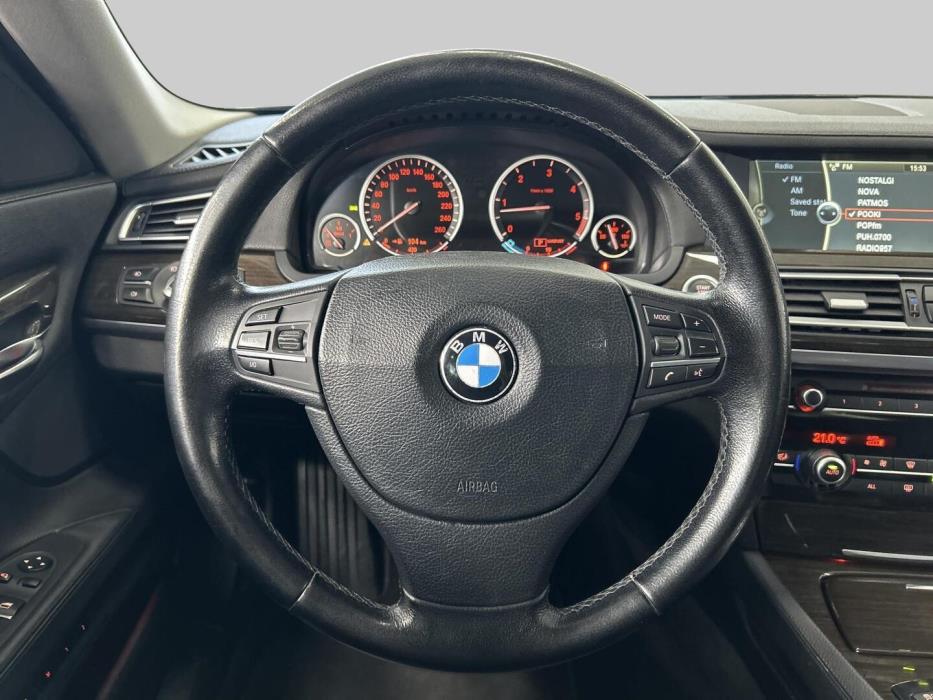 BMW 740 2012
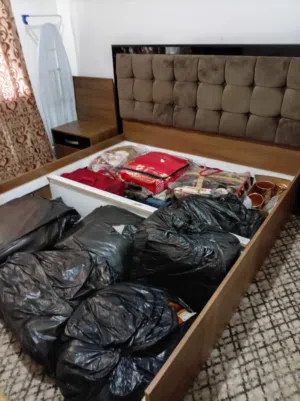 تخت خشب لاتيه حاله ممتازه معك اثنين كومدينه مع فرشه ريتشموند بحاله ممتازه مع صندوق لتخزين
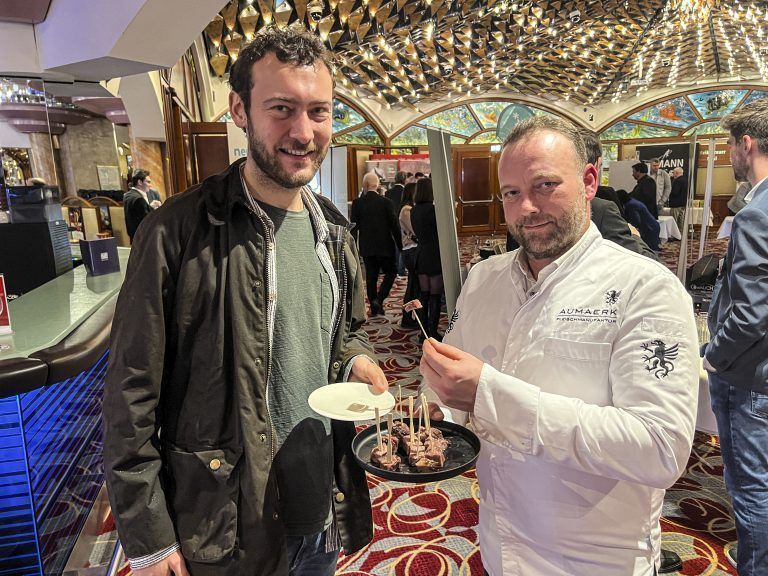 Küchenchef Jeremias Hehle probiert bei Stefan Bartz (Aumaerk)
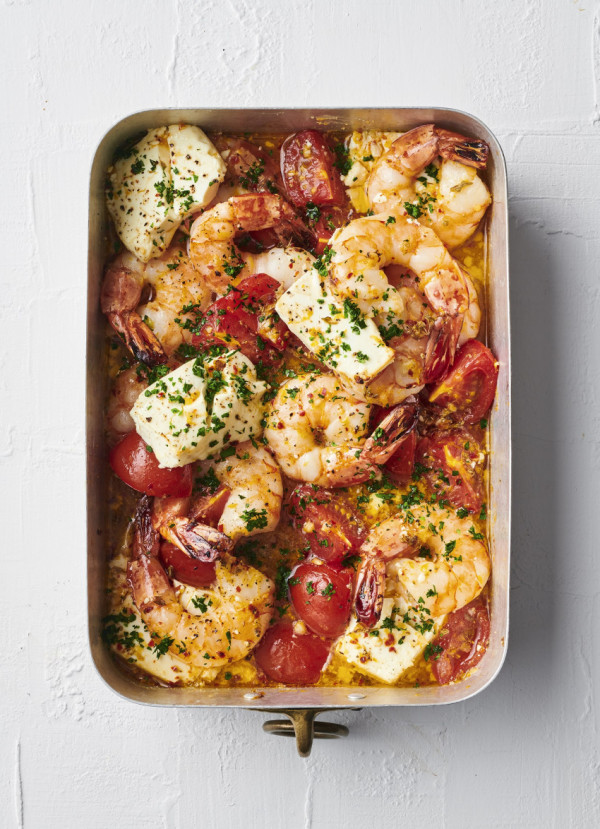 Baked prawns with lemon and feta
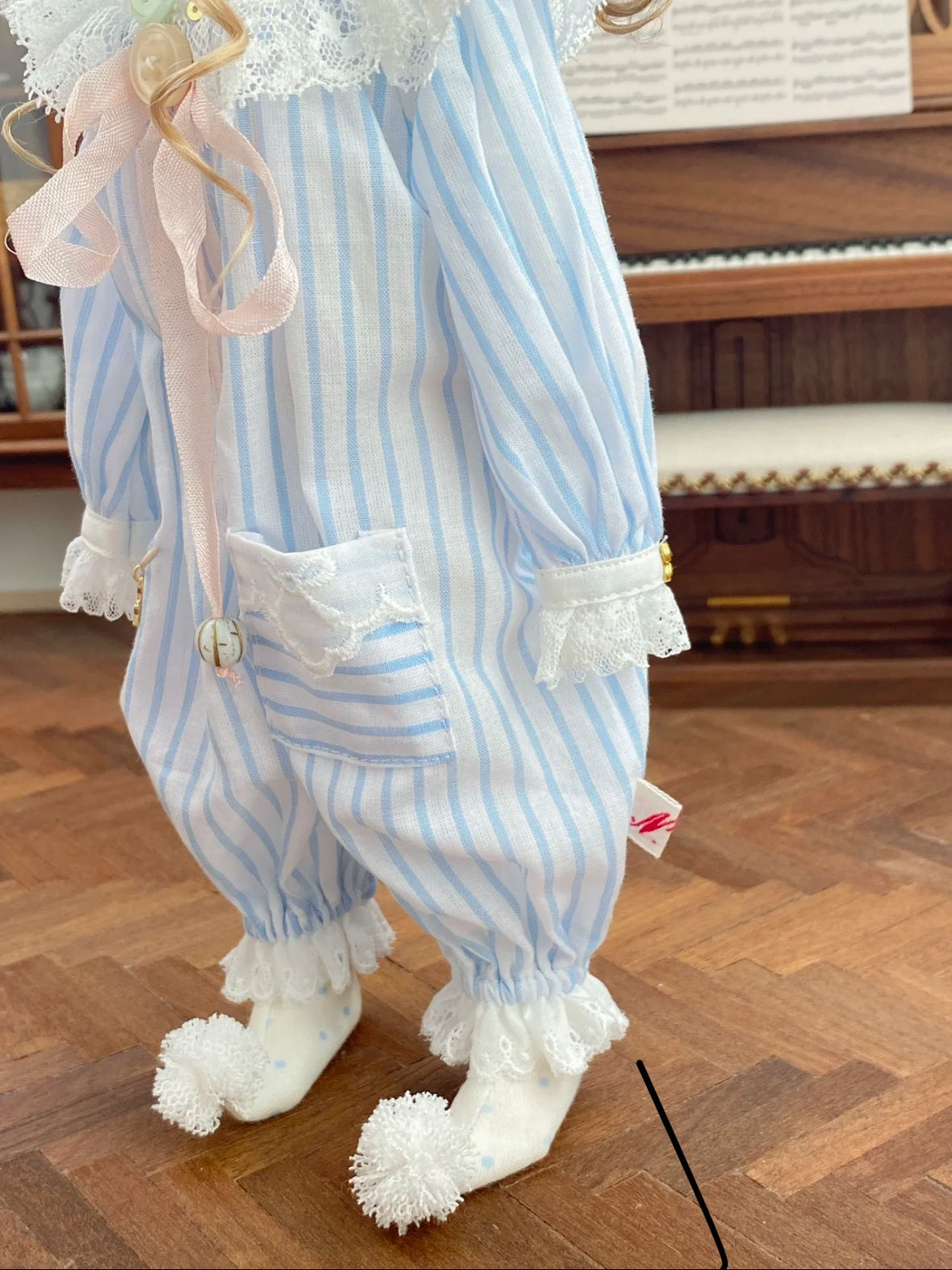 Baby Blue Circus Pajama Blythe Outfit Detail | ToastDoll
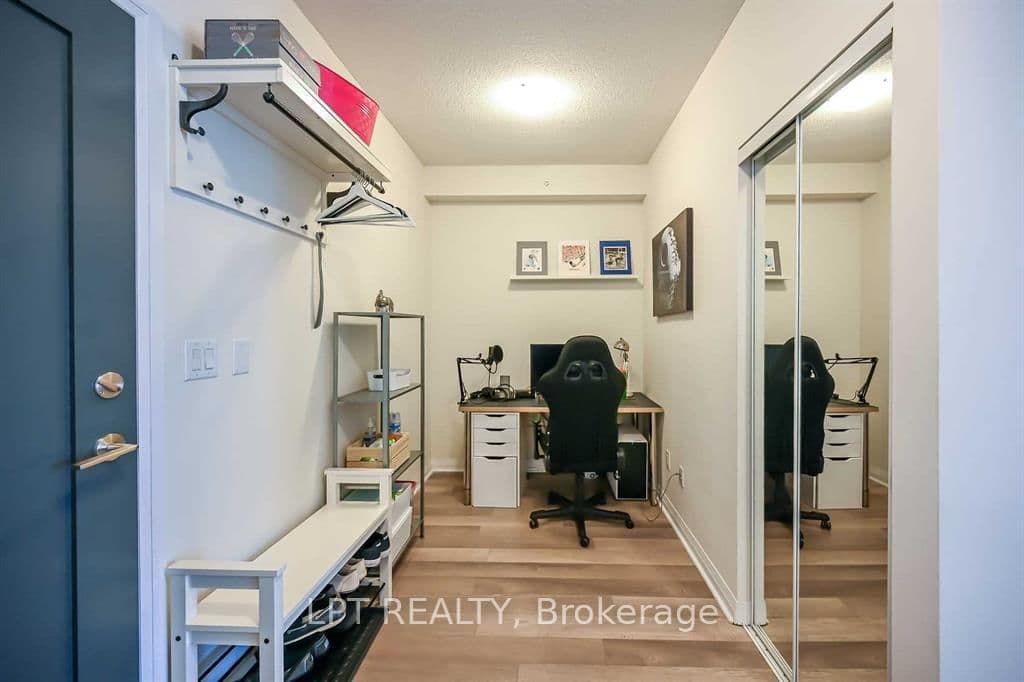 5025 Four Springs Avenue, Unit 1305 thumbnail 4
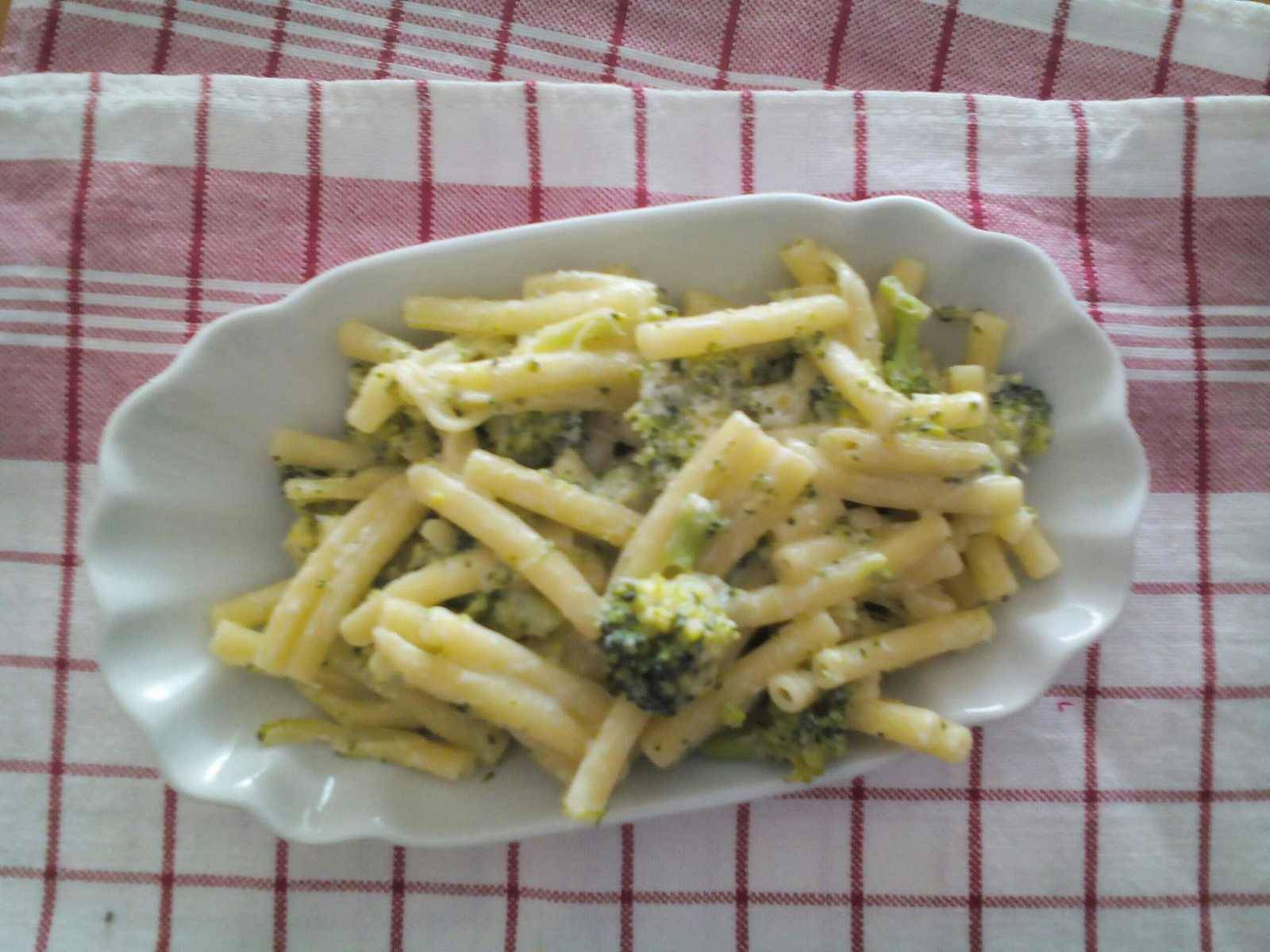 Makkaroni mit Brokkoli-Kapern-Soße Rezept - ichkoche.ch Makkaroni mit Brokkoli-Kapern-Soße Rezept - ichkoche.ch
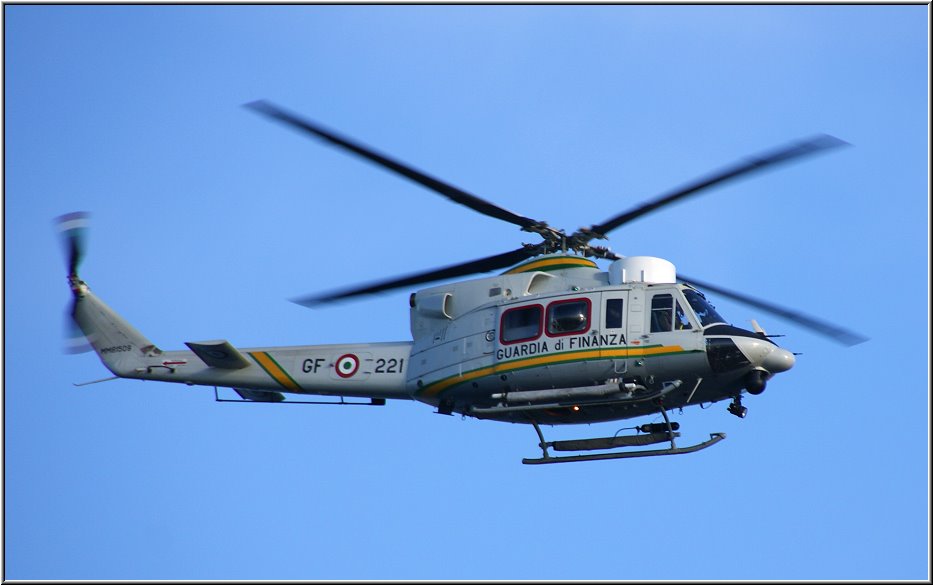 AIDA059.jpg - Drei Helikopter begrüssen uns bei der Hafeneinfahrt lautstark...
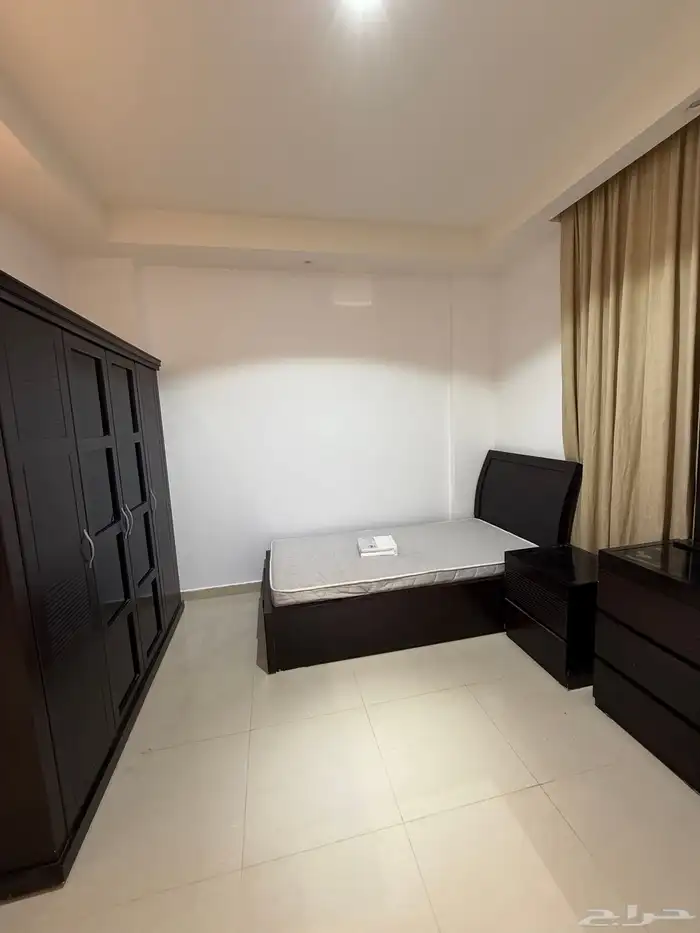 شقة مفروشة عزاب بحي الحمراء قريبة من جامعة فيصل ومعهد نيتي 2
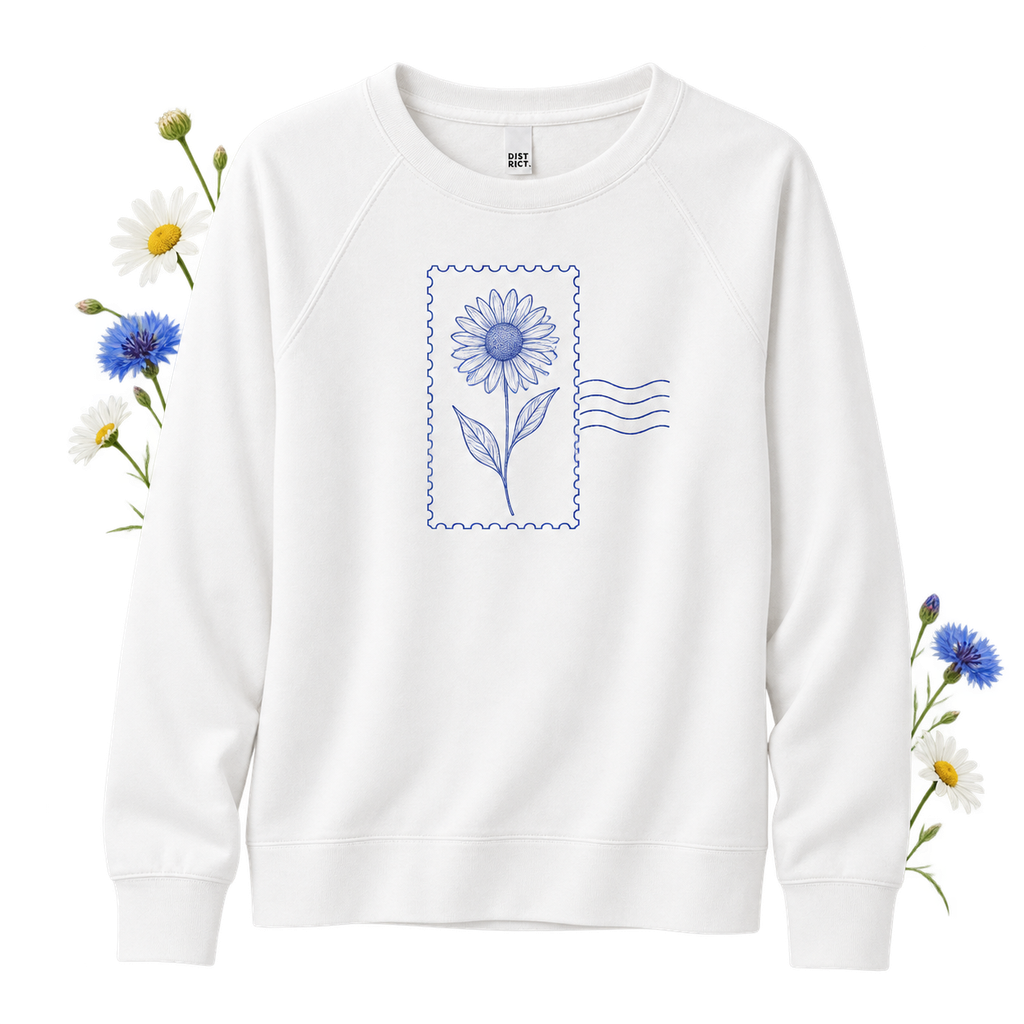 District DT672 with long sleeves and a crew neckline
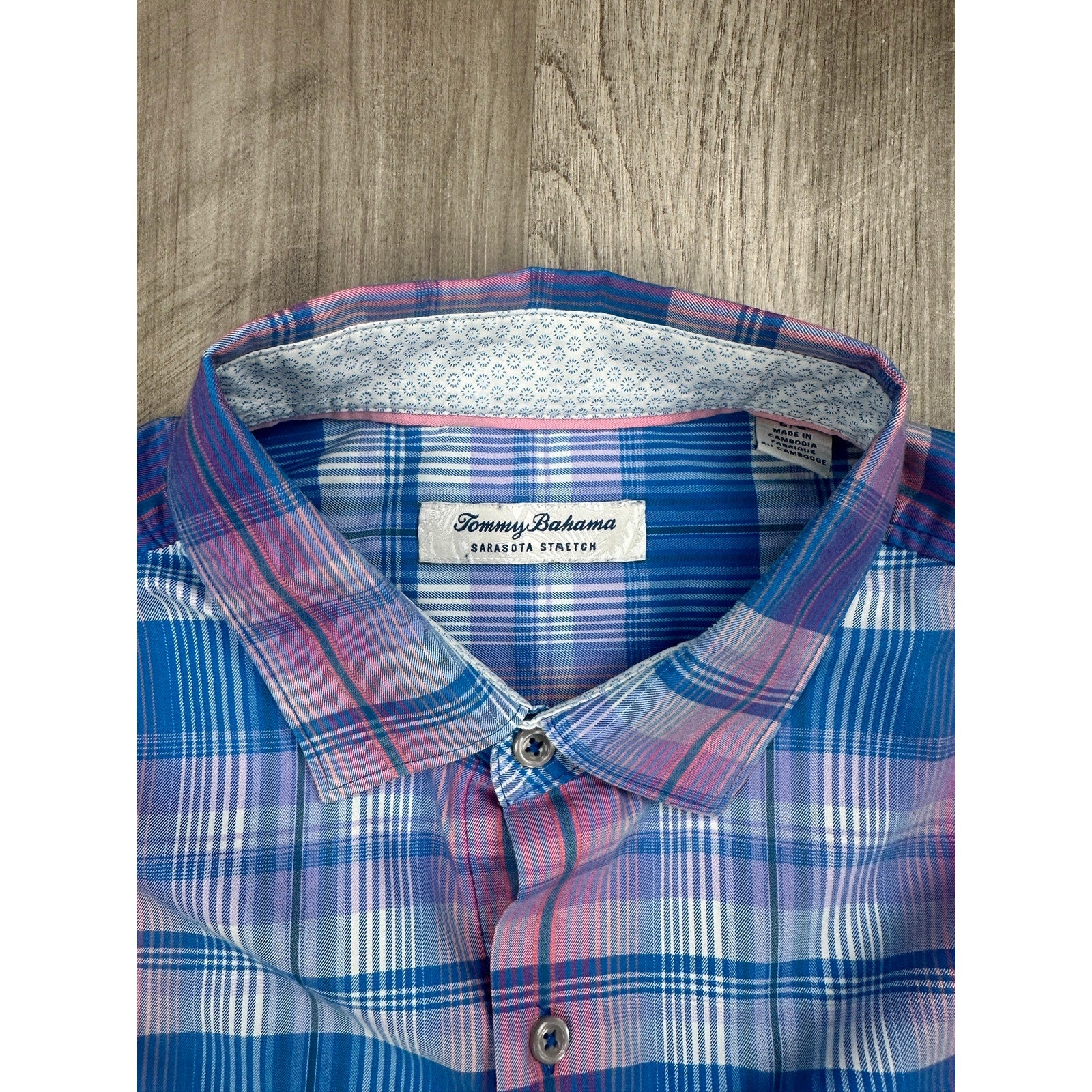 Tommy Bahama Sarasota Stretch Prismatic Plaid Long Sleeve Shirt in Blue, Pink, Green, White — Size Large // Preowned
════════
■ Description of the task: Without the pictures, return each entry exactly as given.

■ Answer:
 BMW 740 2012
 تخت خشب لاتيه حاله ممتازه معك اثنين كومدينه مع فرشه ريتشموند بحاله ممتازه مع صندوق لتخزين
 Küchenchef Jeremias Hehle probiert bei Stefan Bartz (Aumaerk)
 Baked prawns with lemon and feta
 Baby Blue Circus Pajama Blythe Outfit Detail | ToastDoll
 5025 Four Springs Avenue, Unit 1305 thumbnail 4
 Makkaroni mit Brokkoli-Kapern-Soße Rezept - ichkoche.ch Makkaroni mit Brokkoli-Kapern-Soße Rezept - ichkoche.ch
 AIDA059.jpg - Drei Helikopter begrüssen uns bei der Hafeneinfahrt lautstark...
 شقة مفروشة عزاب بحي الحمراء قريبة من جامعة فيصل ومعهد نيتي 2
 District DT672 with long sleeves and a crew neckline
 Tommy Bahama Sarasota Stretch Prismatic Plaid Long Sleeve Shirt in Blue, Pink, Green, White — Size Large // Preowned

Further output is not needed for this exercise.